Site-specific installation is to modern galleries what fresco was to 15th century palaces and churches. It can transform a place and inject illusory, trembling notes into the consonance of a space. If done well, it can be as powerful as good theatre. Not a lot of local galleries allow artists to take messy liberties with their pristine interiors but Rohtas 2 in Lahore is one of the few that do. In 2012, Lahore-based artist Wardha Shabbir converted the gallery into a grassy cuboid to which dead butterflies and crows stuck stiffly. And, more recently, the compact space was used in its entirety for a vivid production of sorts by Julius John, a young visual artist who graduated from the National College of Arts in 2013. Curated by Seher Tareen, the mind behind P.S. Art (an initiative to showcase ‘politically and socially driven art’ from Pakistan), John’s first solo show was a fine, somewhat angsty, wholly contemporary specimen of trompe l’oeil.

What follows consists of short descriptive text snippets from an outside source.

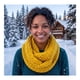 thumbnail image 1 of Bufanda Cuello Estilo Punto Inglés Lana Invierno Abrigado, 1 of 5
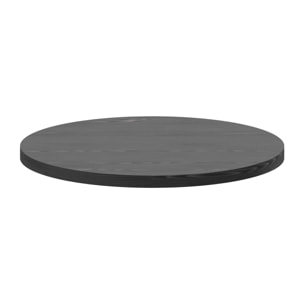 Artù - Ripiano per tavolo da pranzo rotondo Ø 120 cm in legno laminato, colore nero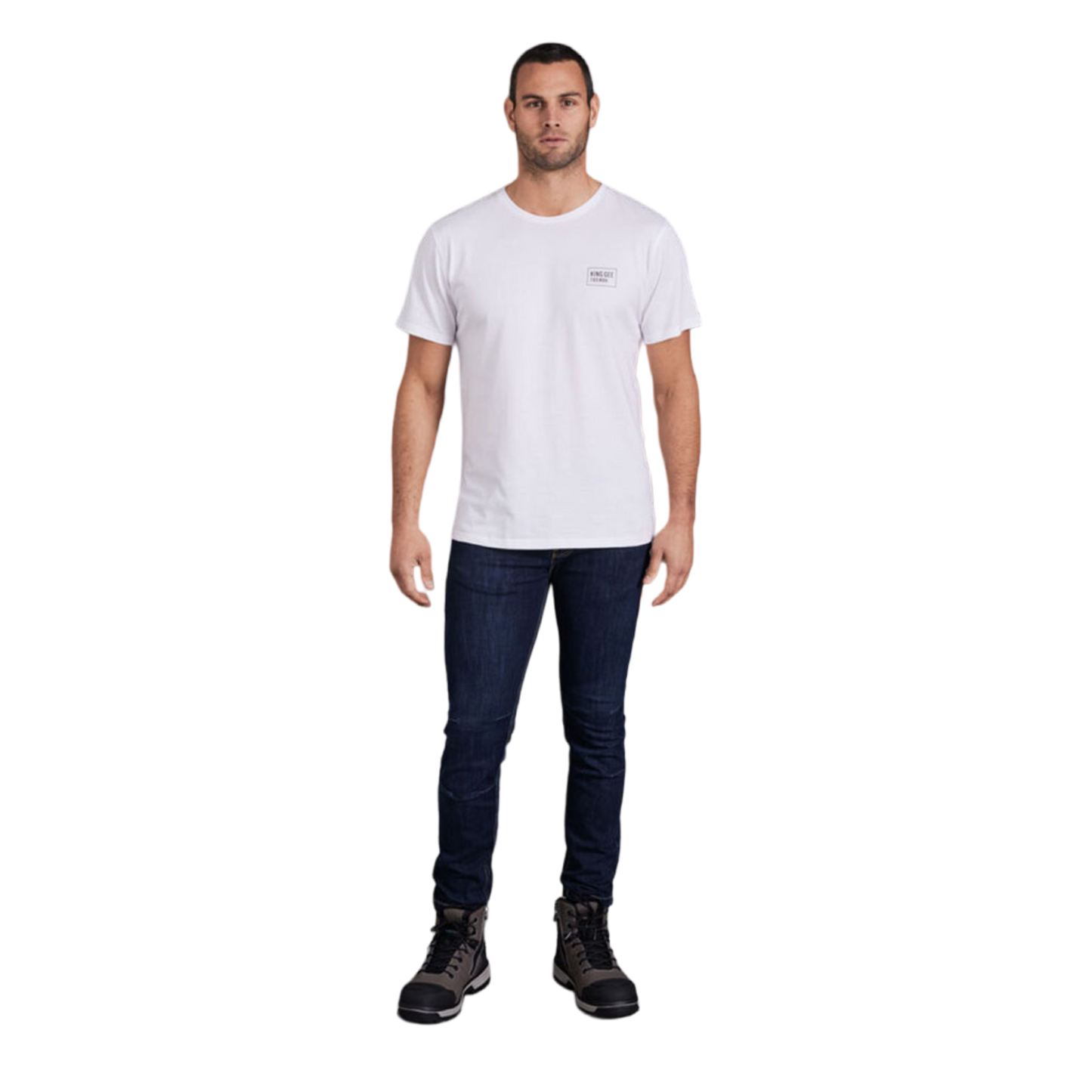 KingGee Men's Urban Coolmax Slim Stretch Denim Work Jeans - Classic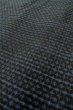 Photo10: Mint P0708F Vintage Japanese kimono Dark Navy Blue OSHIMA-TSUMUGI for men / Silk. Geometrical pattern (Grade A) (10)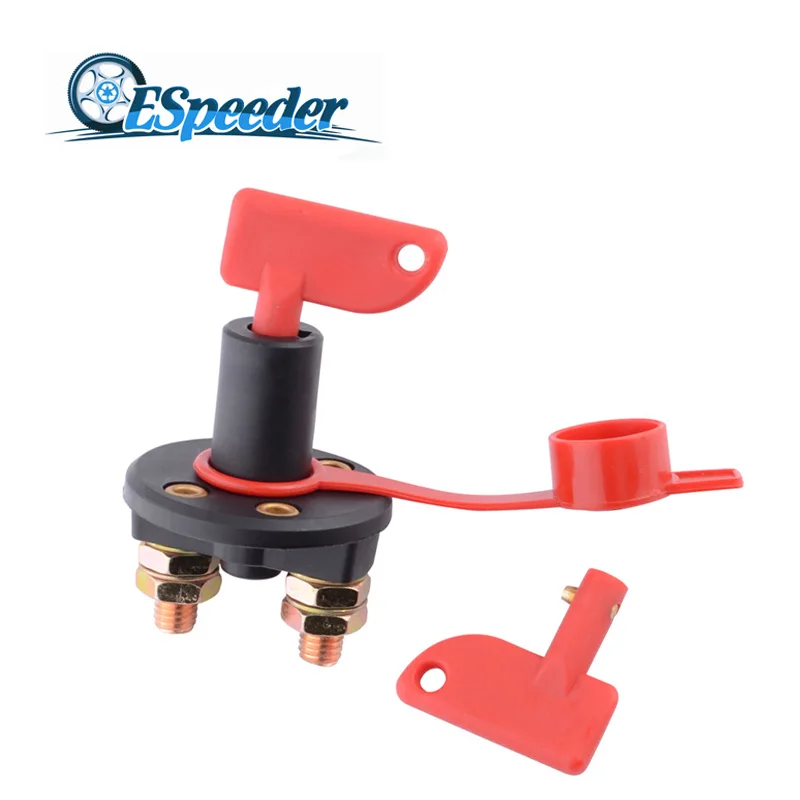 

ESPEEDER Car Battery Disconnect Switch Power Isolator Cut Off Kill Switch for Marine Car Boat Rv ATV Vehicles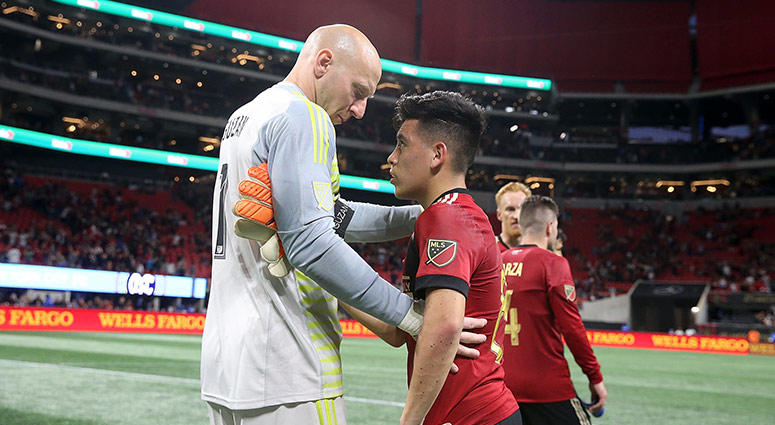 Atlanta United, Brad Guzan, Ezequiel Barco Atlanta United, Brad Guzan, Ezequiel Barco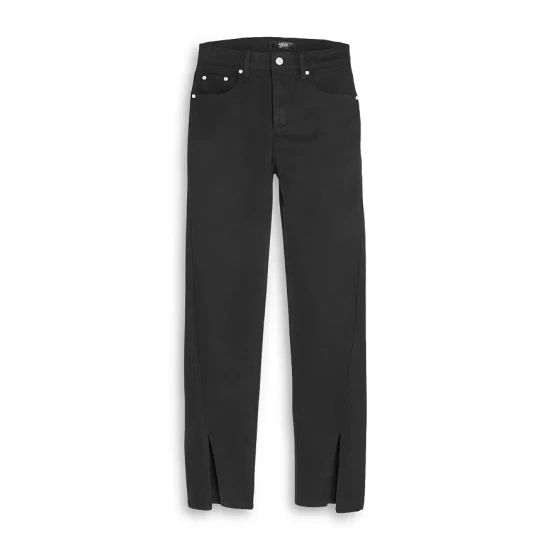 Coupon ๐ฏ AQUA ๐ง Girls' Twist Seam Slit Denim ๐ Jeans - Big Kid - 100% Exclusive Black ๐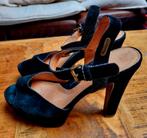 Pepé Jeans zwarte sandalen van leer/suède 40, Ophalen of Verzenden, Gedragen, Zwart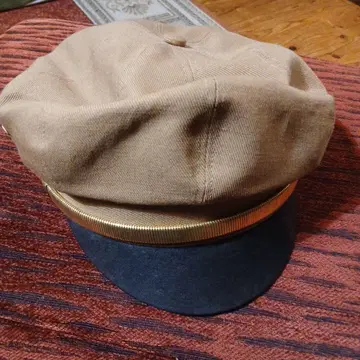 베이지 네이비 헌팅 캡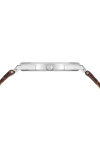 BEVERLY HILLS POLO CLUB Slim Tech 5 Brown Leather Strap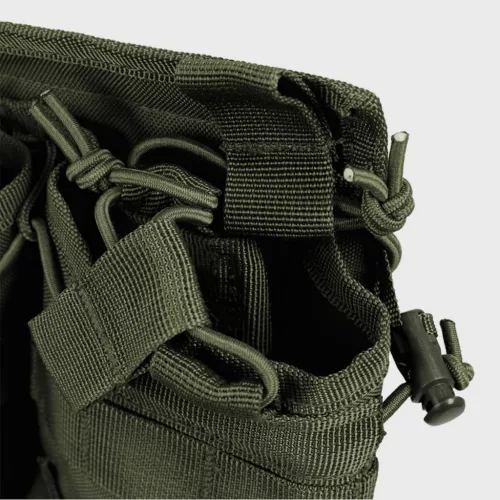 Mil-Tec Double Magazine Tasche Open Top, Grün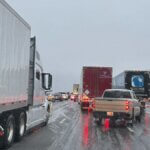 Traffic on Parley's Canyon the morning of Monday, January 5, 2026.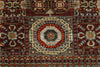 3x9 Brown and Multicolor Turkish Tribal Rug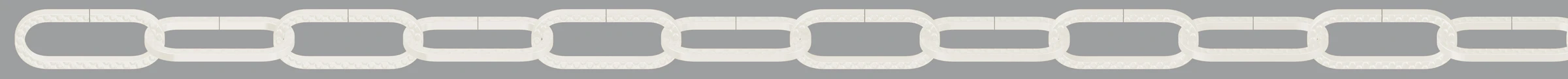 Zierkette, (Serie 90) (Spule) 3 mm Stahl vernickelt, weiss lackiert, 20 m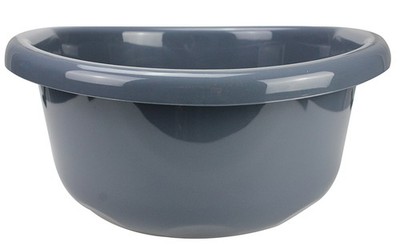 Schüssel Rührschüssel LUZERN Rund XXL 15 Liter Kunststoff dunkelgrau 42x29,7cm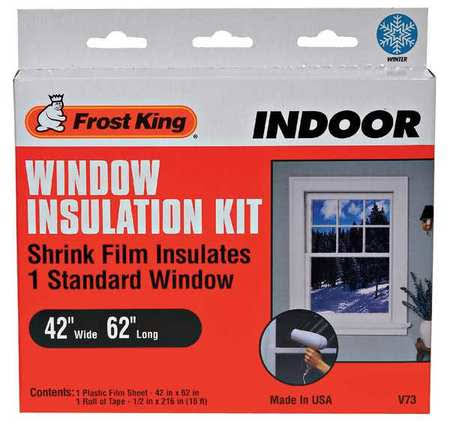 Frost King Indoor Shrink Window Insulation Kit - 42" x 62", Clear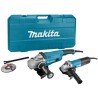 Achetez MAKITA MEULEUSE MAKITA 230 GA9020 2200 W + GA9558HNRG D125 840W COFFRET / DK0053G / AVEC COFFRET en ligne sur MO-Shop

John’s work so far has dealt with marginalization of religious minorities and low-income groups which is reinforced by often blatant geographical circumscription within the city. His large, rambling drawings in monochrome are usually displayed with a roughness that befits his unflattering subject-matter. They are seismographs of an urban anxiety that vaguely stings us all, but none more so than these communities that have been dislodged from what is considered the legitimate social front. The strength of his work lies in its honesty. There is no affectation to it. It shows gradually eroding facades and cold, half-constructed interiors from shadowy regions of the city, its forgotten quarters. No conscious attempt is made at touching upon the lives of those who inhabit these. Everything about their lives can be gathered just by looking at the ruins parading as dwellings in John’s drawings.
[quote]From the gate, no light was visible in or around the gallery[/quote]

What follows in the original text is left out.